After 32 years in local law enforcement, Blake Andis is set to become the new sheriff of Washington County, Virginia, on Jan. 1.
The 51-year-old from Abingdon, who has most recently served as the police chief of Virginia Highlands Community College, said he’s looking forward to implementing some changes at the county’s Sheriff’s Office.
Andis, who is replacing longtime retiring Sheriff Fred Newman, has already established a command staff, including Maj. Scott Snapp, Criminal Investigations Capt. Jamie Blevins, Patrol Division Capt. Jason Shepard and Administrative Capt. Timothy Widener.
The new sheriff, a Republican, who was sworn into office on Dec. 20, has been interviewing current staff members and potential new employees over the past several weeks.
In the process, Andis notes that he made the tough decision to not rehire seven employees.
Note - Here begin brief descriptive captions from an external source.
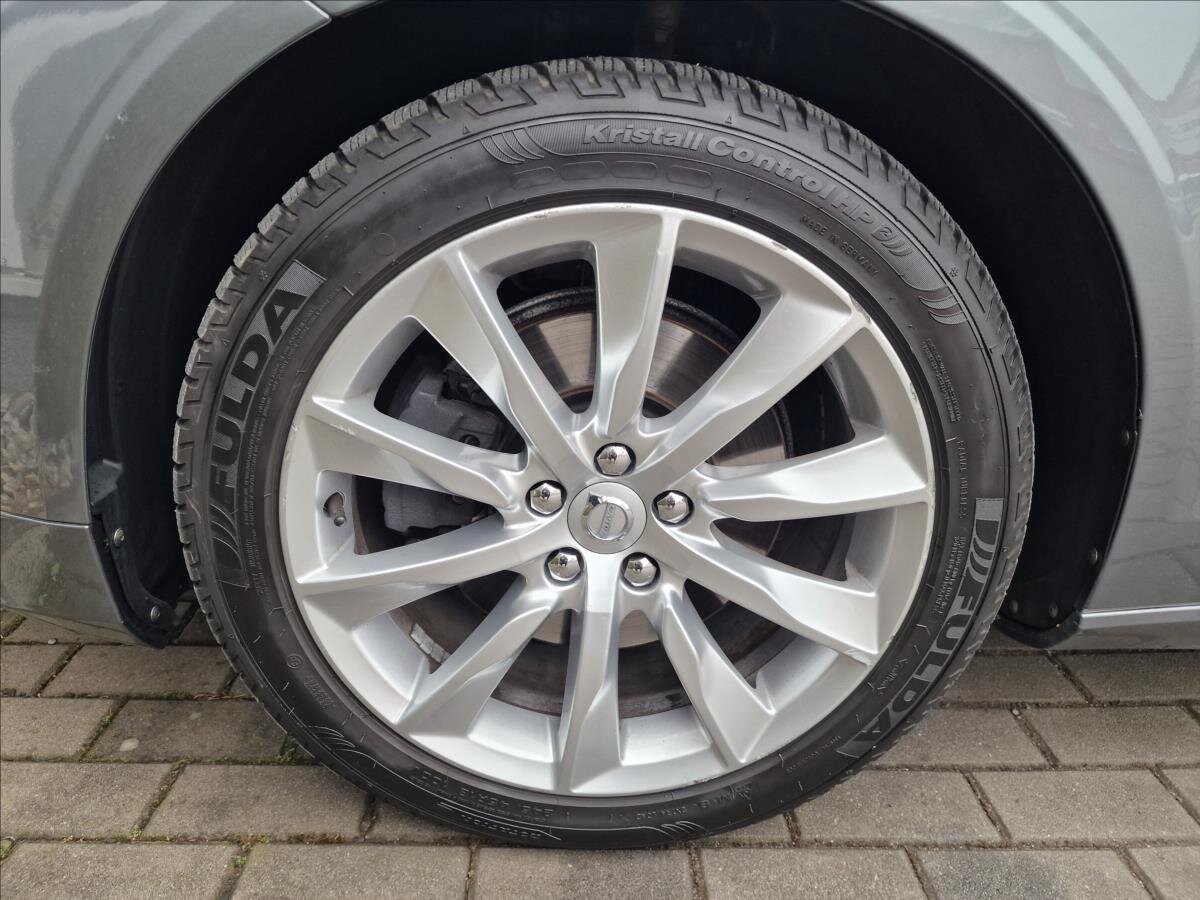 Volvo V90 Kombi 2,0 l 140 kw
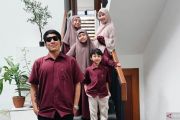 Desta dan Natasha Rizky kompak unggah foto Lebaran bersama anak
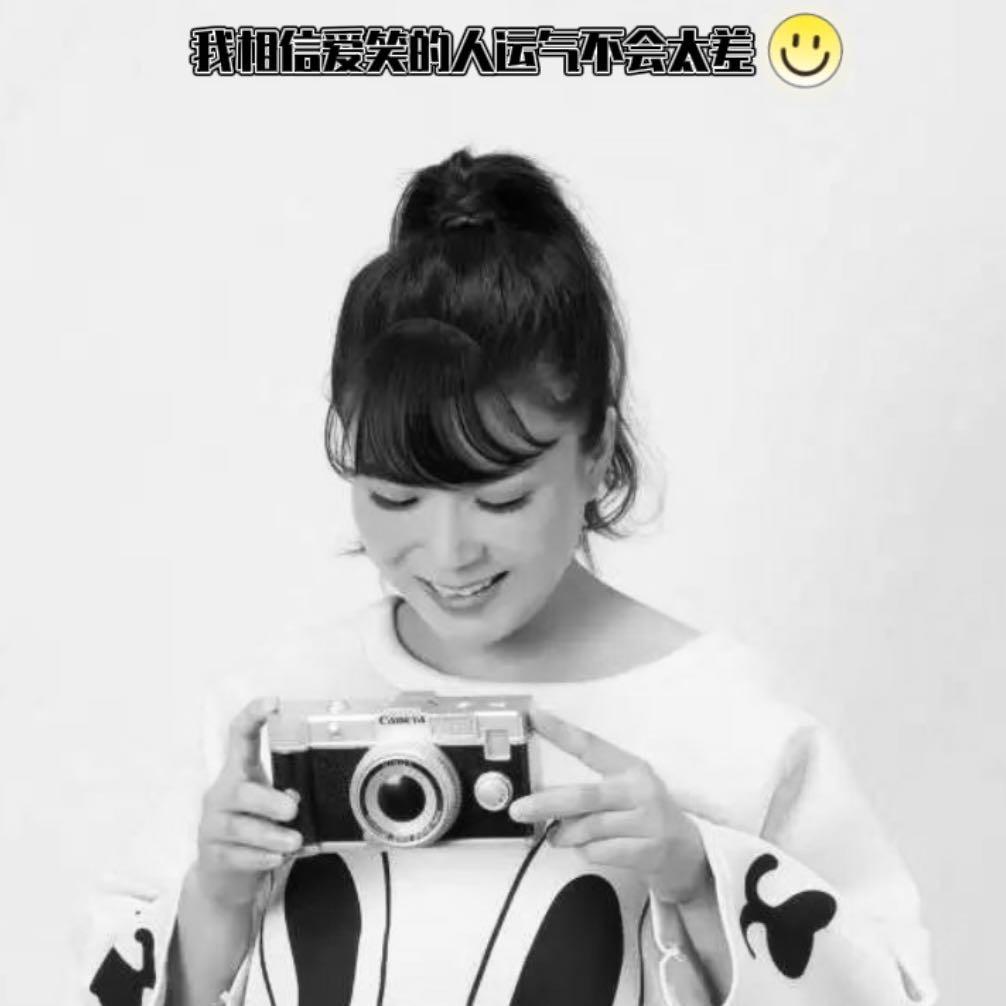 ┏ (^ω^)=☞可可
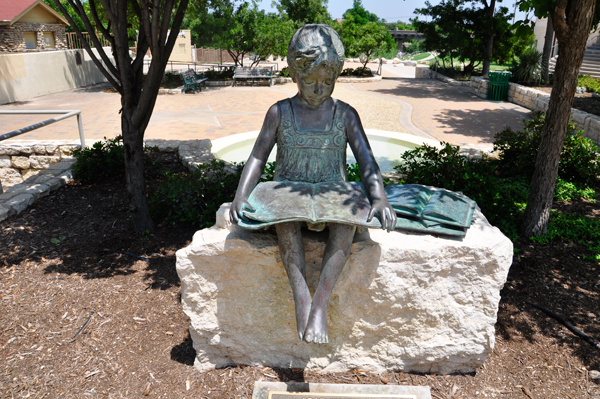Garden Sprite statue 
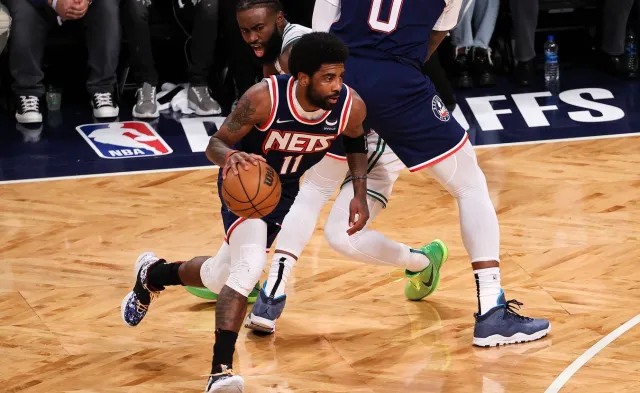 Liga NBA. Czwarta z rzędu porażka mistrzów, Irving zawieszony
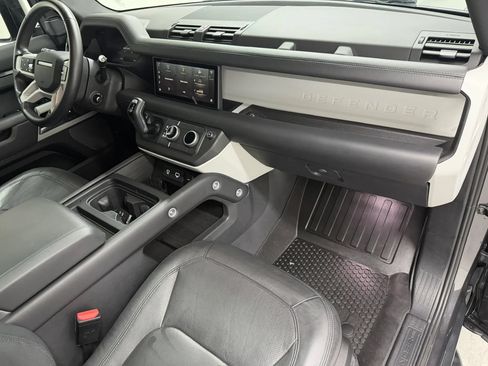 Used 2024 Land Rover Defender 110 SE AWD/4WD image 60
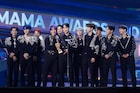 「2022 MAMA」5部門の受賞者発表、JO1與那城奨は涙のスピーチ「びっくりしすぎて言葉にできない」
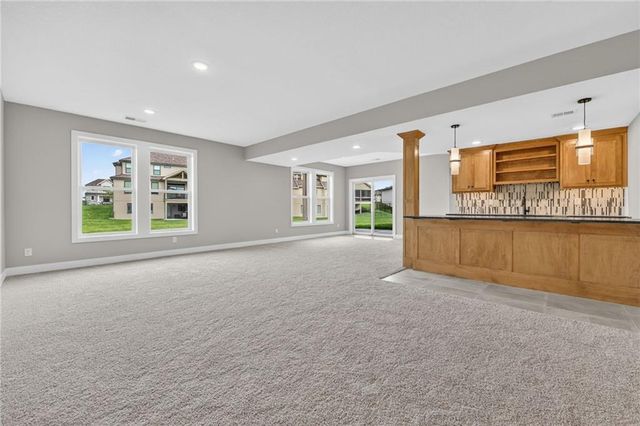 4867 NW Vicolo Dellamore Way, Riverside, MO 64150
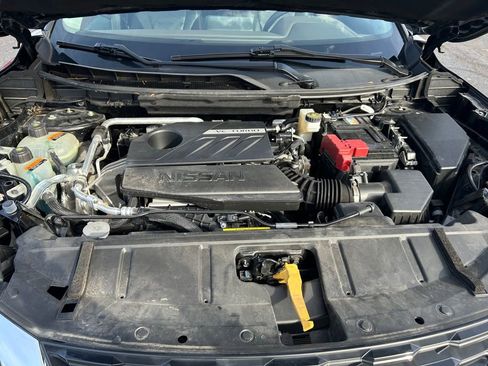 Used 2023 Nissan Rogue SV image 27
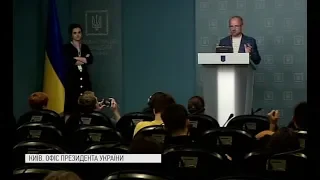 Обмін "208 на 69", безстрокове перемир'я, новий указ Путіна: подробиці брифінгу Безсмертного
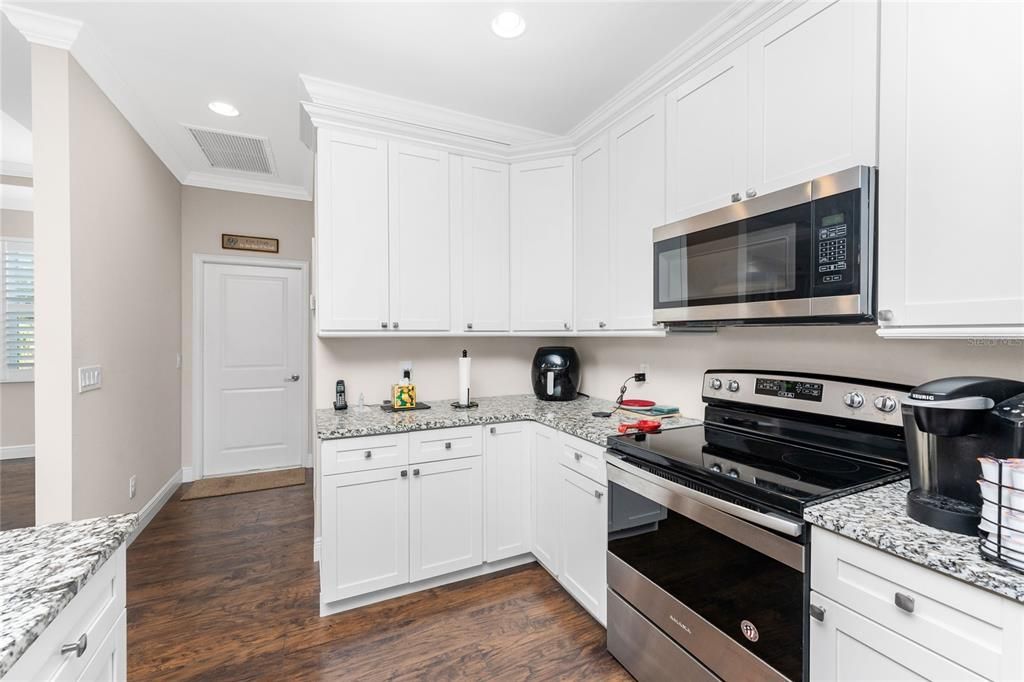 For Sale: $449,900 (3 beds, 2 baths, 1910 Square Feet)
Those individuals were informed before the transition in order to find new jobs, but Andis said he could still rehire those people in the future.
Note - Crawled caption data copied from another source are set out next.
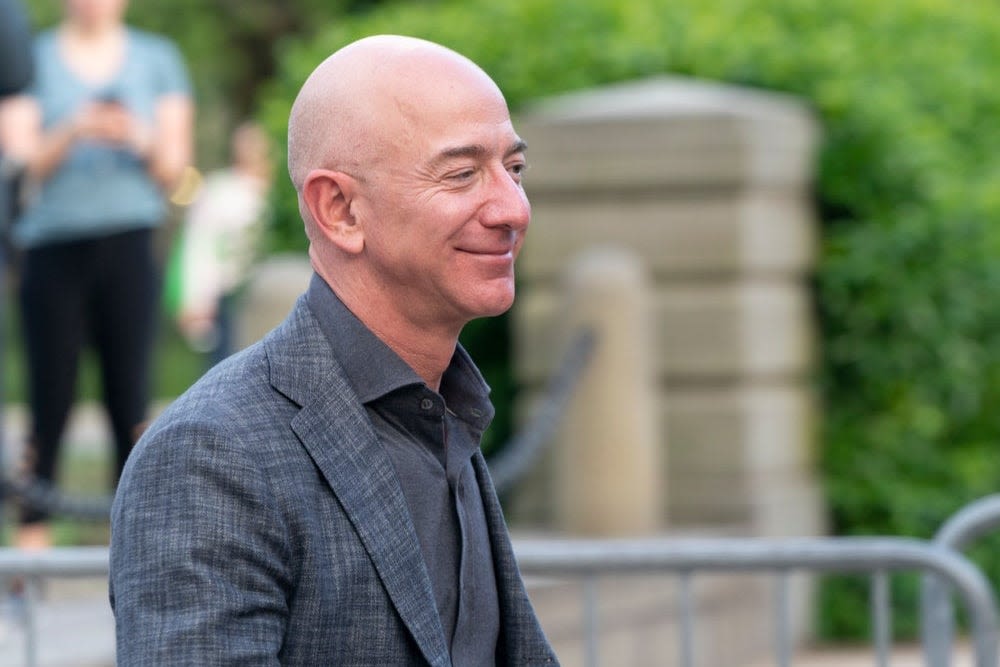 Jeff Bezos Urged His Siblings To Invest $10,000 In Amazon — Their Stake Grew 12,566,658% And Potentially Worth $1.26 Billion Today...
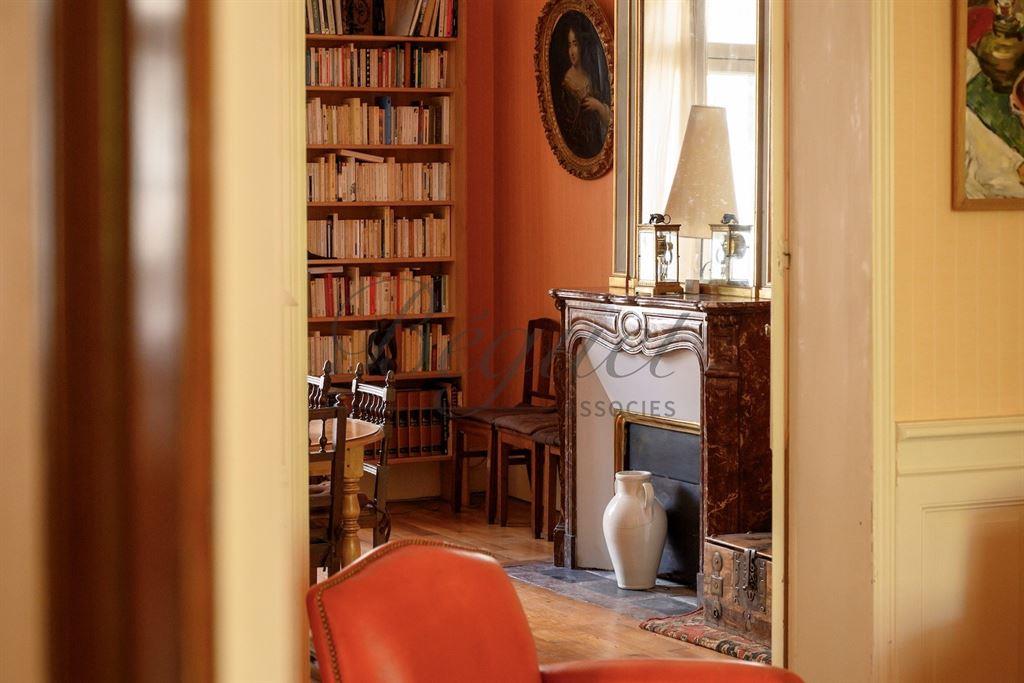 Tours centre - 37000 - Maison 300m2 - 6/7 chambres - jardin 520m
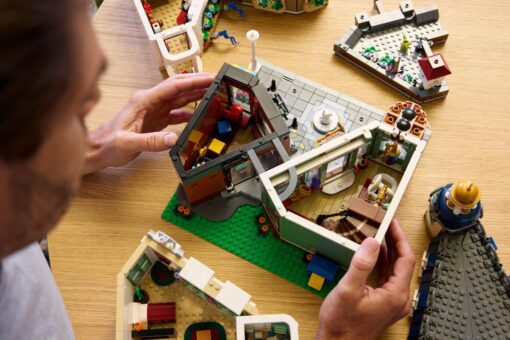 11371 LEGO Icons Shopping Street Modular Building 2026 New Release Review Brick Banter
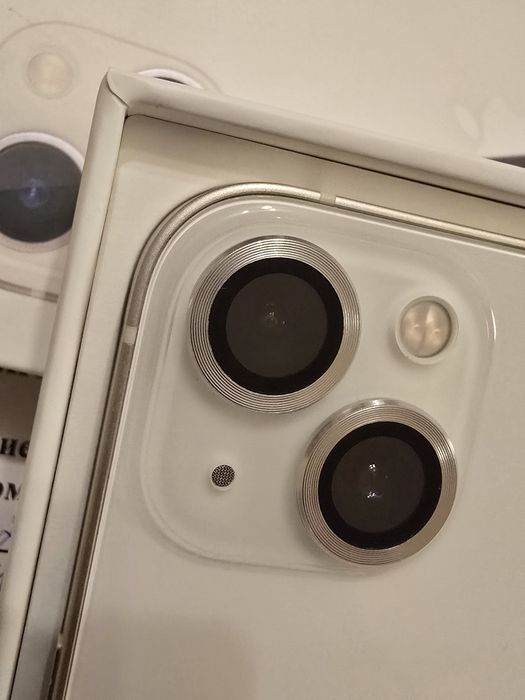 iPhone 13, White, 128 GB в идеальном состоянии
A number of current Sheriff’s Office employees are also being moved to different positions, Andis said.
“I’m hiring well-qualified applicants with a lot of experience,” Andis said.
Andis, who previously worked at the Sheriff’s Office, is quickly filling positions in the school resource division, making sure staff members are at every school in Washington County. He’ll also have an investigative officer in the school system.
“I want to get the school resource officers trained in threat assessment,” Andis said.
Threat assessment would allow officers to detect issues early in order to help the children and prevent further problems.
Andis also plans to concentrate on school bus safety.
“I want to occasionally have officers riding the school bus routes, have officers in unmarked cars and observe the buses,” said Andis, noting that officers will watch for drivers illegally passing buses.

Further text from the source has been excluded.